Pertemuan itu juga menjadi bagian dari penguatan koordinasi Satgas Haji Polri yang dibentuk bersama Kementerian Haji dan Umrah Republik Indonesia. Satgas tersebut memiliki tugas utama melakukan pengawasan, pencegahan, dan penindakan terhadap berbagai praktik haji non-prosedural yang berpotensi merugikan masyarakat.
Fokus perhatian diarahkan pada pencegahan penyalahgunaan visa, keberangkatan ilegal, hingga berbagai modus penipuan yang menyasar calon jemaah haji. Fenomena haji non-prosedural dinilai masih menjadi ancaman serius karena tidak hanya merugikan masyarakat secara materiil, tetapi juga dapat membahayakan keselamatan dan kepastian hukum para calon jemaah saat berada di Arab Saudi.
Data yang disampaikan dalam pertemuan menunjukkan bahwa hingga saat ini Subsatgas Penegakan Hukum Satgas Haji dan Umrah Polri Tahun 2026 telah menangani 11 laporan polisi dan 21 laporan informasi. Dari penanganan tersebut, aparat menetapkan 13 tersangka dengan jumlah korban mencapai 320 orang.
Total kerugian masyarakat akibat praktik penipuan dan penyelenggaraan haji ilegal itu diperkirakan mencapai Rp10.025.000.000. Nilai kerugian tersebut menggambarkan besarnya dampak sosial dan ekonomi yang dialami masyarakat akibat ulah oknum yang memanfaatkan tingginya minat masyarakat untuk menunaikan ibadah haji.
Selain penegakan hukum, Satgas Haji Polri juga melakukan langkah preventif dengan mencegah keberangkatan 32 warga negara Indonesia calon jemaah haji non-prosedural. Pencegahan itu dilakukan untuk melindungi masyarakat agar tidak menjadi korban praktik keberangkatan ilegal yang berpotensi menimbulkan masalah hukum maupun keselamatan di luar negeri.
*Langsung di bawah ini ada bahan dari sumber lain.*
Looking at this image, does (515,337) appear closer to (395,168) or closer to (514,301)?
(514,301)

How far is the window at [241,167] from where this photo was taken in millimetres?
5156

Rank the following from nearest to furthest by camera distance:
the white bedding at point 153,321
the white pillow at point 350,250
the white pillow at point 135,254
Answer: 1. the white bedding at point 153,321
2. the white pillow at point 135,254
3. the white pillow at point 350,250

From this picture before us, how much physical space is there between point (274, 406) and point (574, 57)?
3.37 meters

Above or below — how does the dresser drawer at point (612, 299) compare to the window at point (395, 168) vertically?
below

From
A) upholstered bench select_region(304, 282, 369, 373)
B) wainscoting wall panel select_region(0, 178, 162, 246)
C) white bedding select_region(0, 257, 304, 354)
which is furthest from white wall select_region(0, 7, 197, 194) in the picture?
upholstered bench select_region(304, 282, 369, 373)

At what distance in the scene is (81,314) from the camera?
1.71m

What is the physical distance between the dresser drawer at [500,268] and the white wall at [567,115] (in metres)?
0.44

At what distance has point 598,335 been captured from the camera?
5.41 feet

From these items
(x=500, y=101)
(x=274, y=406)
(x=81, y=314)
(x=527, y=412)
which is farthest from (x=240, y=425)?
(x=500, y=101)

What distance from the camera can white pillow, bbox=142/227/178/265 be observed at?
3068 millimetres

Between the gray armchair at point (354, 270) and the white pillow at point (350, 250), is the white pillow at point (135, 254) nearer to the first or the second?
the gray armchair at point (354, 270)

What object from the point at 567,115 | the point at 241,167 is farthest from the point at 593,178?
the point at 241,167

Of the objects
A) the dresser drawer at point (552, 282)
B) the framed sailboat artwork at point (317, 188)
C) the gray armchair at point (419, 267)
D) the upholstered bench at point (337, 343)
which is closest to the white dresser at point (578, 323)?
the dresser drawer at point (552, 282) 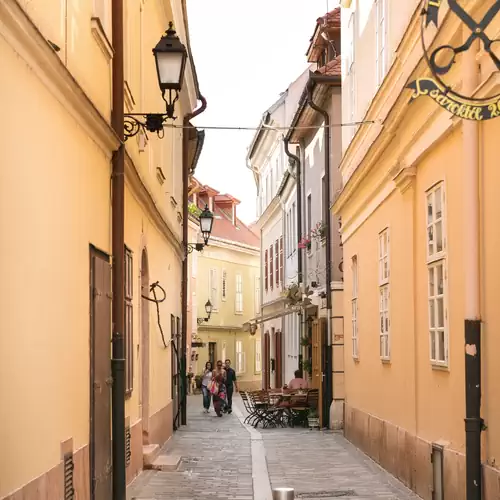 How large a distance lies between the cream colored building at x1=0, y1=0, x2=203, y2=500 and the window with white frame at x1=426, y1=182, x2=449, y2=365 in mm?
3341

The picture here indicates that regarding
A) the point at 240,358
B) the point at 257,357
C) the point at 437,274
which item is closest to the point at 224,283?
the point at 240,358

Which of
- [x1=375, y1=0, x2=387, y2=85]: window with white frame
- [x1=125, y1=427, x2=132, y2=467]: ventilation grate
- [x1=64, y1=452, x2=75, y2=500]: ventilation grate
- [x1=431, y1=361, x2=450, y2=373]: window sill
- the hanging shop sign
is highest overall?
[x1=375, y1=0, x2=387, y2=85]: window with white frame

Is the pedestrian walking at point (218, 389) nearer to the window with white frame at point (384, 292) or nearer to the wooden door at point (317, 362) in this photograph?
the wooden door at point (317, 362)

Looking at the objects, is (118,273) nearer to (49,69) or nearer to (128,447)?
(128,447)

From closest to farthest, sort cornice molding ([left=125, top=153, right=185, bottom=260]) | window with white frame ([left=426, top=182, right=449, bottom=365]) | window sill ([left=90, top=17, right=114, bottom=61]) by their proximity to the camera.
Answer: window sill ([left=90, top=17, right=114, bottom=61]) → window with white frame ([left=426, top=182, right=449, bottom=365]) → cornice molding ([left=125, top=153, right=185, bottom=260])

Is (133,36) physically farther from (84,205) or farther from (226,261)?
(226,261)

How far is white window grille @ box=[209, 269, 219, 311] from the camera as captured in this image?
173 feet

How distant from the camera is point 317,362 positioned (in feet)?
73.2

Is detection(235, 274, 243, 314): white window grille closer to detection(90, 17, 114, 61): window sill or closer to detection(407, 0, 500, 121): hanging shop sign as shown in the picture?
detection(90, 17, 114, 61): window sill

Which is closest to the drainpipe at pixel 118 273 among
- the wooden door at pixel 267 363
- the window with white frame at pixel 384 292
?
the window with white frame at pixel 384 292

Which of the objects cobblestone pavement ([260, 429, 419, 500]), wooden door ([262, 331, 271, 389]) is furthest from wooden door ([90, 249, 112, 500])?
wooden door ([262, 331, 271, 389])

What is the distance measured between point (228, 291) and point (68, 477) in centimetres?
4709

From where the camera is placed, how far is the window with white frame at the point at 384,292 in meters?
13.9

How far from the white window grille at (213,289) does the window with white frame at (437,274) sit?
138 ft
Dalam forum koordinasi tersebut, kedua pihak turut membahas penguatan pertukaran informasi intelijen, perlindungan warga negara, serta percepatan penanganan berbagai persoalan yang berpotensi dihadapi jemaah Indonesia selama berada di Arab Saudi.
Kadiv Humas Polri Johnny Eddizon Isir menegaskan bahwa perlindungan jemaah membutuhkan pengawasan yang dilakukan secara menyeluruh dan berkesinambungan.
Menurutnya, Polri bersama Kementerian Haji dan Umrah RI terus memperkuat pengawasan di dalam negeri guna mencegah keberangkatan non-prosedural sekaligus melindungi masyarakat dari praktik penipuan yang kerap memanfaatkan momentum musim haji.
“Polri bersama Kementerian Haji dan Umrah RI terus memperkuat pengawasan di dalam negeri untuk mencegah keberangkatan non-prosedural dan melindungi masyarakat dari praktik penipuan. Pada saat yang sama, koordinasi dengan otoritas Arab Saudi juga diperkuat agar perlindungan terhadap jemaah Indonesia dapat dilakukan secara menyeluruh,” ujar Irjen Pol. Johnny Eddizon Isir.
Ia menilai penguatan koordinasi internasional menjadi kebutuhan penting karena tingginya jumlah jemaah asal Indonesia memerlukan dukungan pengamanan yang kuat dan terpadu dari kedua negara.
“Perlindungan jemaah merupakan tanggung jawab bersama. Karena itu, penguatan koordinasi dengan otoritas Arab Saudi menjadi bagian penting untuk memastikan masyarakat Indonesia dapat menjalankan ibadah dengan aman, tertib, dan sesuai ketentuan,” tegasnya.
Polri menegaskan akan terus meningkatkan pengawasan serta penegakan hukum terhadap praktik haji non-prosedural di Indonesia. Di sisi lain, kerja sama internasional dengan otoritas keamanan Arab Saudi juga akan terus diperkuat sebagai bagian dari komitmen negara dalam memberikan perlindungan maksimal bagi seluruh jemaah haji Indonesia.
Langkah koordinatif ini diharapkan tidak hanya mampu menekan praktik keberangkatan ilegal dan penipuan haji, tetapi juga memperkuat rasa aman masyarakat dalam menjalankan rukun Islam kelima dengan tertib, nyaman, dan sesuai aturan yang berlaku di Indonesia maupun Arab Saudi.